» Task to complete:
Each line below needs to be printed again exactly.

» Supplied records:
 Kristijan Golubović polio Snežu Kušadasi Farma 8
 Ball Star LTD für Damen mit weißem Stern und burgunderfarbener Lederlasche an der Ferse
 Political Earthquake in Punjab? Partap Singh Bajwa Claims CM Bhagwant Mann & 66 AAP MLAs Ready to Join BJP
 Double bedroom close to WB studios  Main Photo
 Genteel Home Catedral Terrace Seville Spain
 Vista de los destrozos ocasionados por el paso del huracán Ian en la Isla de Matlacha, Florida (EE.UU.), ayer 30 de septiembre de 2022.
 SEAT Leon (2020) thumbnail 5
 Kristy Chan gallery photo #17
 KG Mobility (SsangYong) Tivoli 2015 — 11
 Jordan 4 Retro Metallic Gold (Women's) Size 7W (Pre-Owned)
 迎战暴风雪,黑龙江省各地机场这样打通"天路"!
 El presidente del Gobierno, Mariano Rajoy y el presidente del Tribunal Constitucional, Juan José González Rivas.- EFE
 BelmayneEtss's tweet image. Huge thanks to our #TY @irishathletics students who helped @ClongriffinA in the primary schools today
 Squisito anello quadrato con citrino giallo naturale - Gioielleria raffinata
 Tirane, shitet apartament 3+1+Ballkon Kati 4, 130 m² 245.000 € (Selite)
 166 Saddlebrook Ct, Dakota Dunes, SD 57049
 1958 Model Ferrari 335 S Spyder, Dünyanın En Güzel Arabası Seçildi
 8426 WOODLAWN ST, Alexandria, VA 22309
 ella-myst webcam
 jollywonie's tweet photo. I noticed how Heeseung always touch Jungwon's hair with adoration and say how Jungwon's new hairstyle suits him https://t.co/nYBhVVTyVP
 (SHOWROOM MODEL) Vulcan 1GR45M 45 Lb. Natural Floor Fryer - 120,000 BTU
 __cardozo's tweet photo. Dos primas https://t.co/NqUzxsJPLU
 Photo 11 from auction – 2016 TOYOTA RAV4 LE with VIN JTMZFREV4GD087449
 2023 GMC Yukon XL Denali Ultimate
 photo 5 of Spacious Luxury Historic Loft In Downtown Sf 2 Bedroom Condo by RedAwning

» Solution below:
 Kristijan Golubović polio Snežu Kušadasi Farma 8
 Ball Star LTD für Damen mit weißem Stern und burgunderfarbener Lederlasche an der Ferse
 Political Earthquake in Punjab? Partap Singh Bajwa Claims CM Bhagwant Mann & 66 AAP MLAs Ready to Join BJP
 Double bedroom close to WB studios  Main Photo
 Genteel Home Catedral Terrace Seville Spain
 Vista de los destrozos ocasionados por el paso del huracán Ian en la Isla de Matlacha, Florida (EE.UU.), ayer 30 de septiembre de 2022.
 SEAT Leon (2020) thumbnail 5
 Kristy Chan gallery photo #17
 KG Mobility (SsangYong) Tivoli 2015 — 11
 Jordan 4 Retro Metallic Gold (Women's) Size 7W (Pre-Owned)
 迎战暴风雪,黑龙江省各地机场这样打通"天路"!
 El presidente del Gobierno, Mariano Rajoy y el presidente del Tribunal Constitucional, Juan José González Rivas.- EFE
 BelmayneEtss's tweet image. Huge thanks to our #TY @irishathletics students who helped @ClongriffinA in the primary schools today
 Squisito anello quadrato con citrino giallo naturale - Gioielleria raffinata
 Tirane, shitet apartament 3+1+Ballkon Kati 4, 130 m² 245.000 € (Selite)
 166 Saddlebrook Ct, Dakota Dunes, SD 57049
 1958 Model Ferrari 335 S Spyder, Dünyanın En Güzel Arabası Seçildi
 8426 WOODLAWN ST, Alexandria, VA 22309
 ella-myst webcam
 jollywonie's tweet photo. I noticed how Heeseung always touch Jungwon's hair with adoration and say how Jungwon's new hairstyle suits him https://t.co/nYBhVVTyVP
 (SHOWROOM MODEL) Vulcan 1GR45M 45 Lb. Natural Floor Fryer - 120,000 BTU
 __cardozo's tweet photo. Dos primas https://t.co/NqUzxsJPLU
 Photo 11 from auction – 2016 TOYOTA RAV4 LE with VIN JTMZFREV4GD087449
 2023 GMC Yukon XL Denali Ultimate
 photo 5 of Spacious Luxury Historic Loft In Downtown Sf 2 Bedroom Condo by RedAwning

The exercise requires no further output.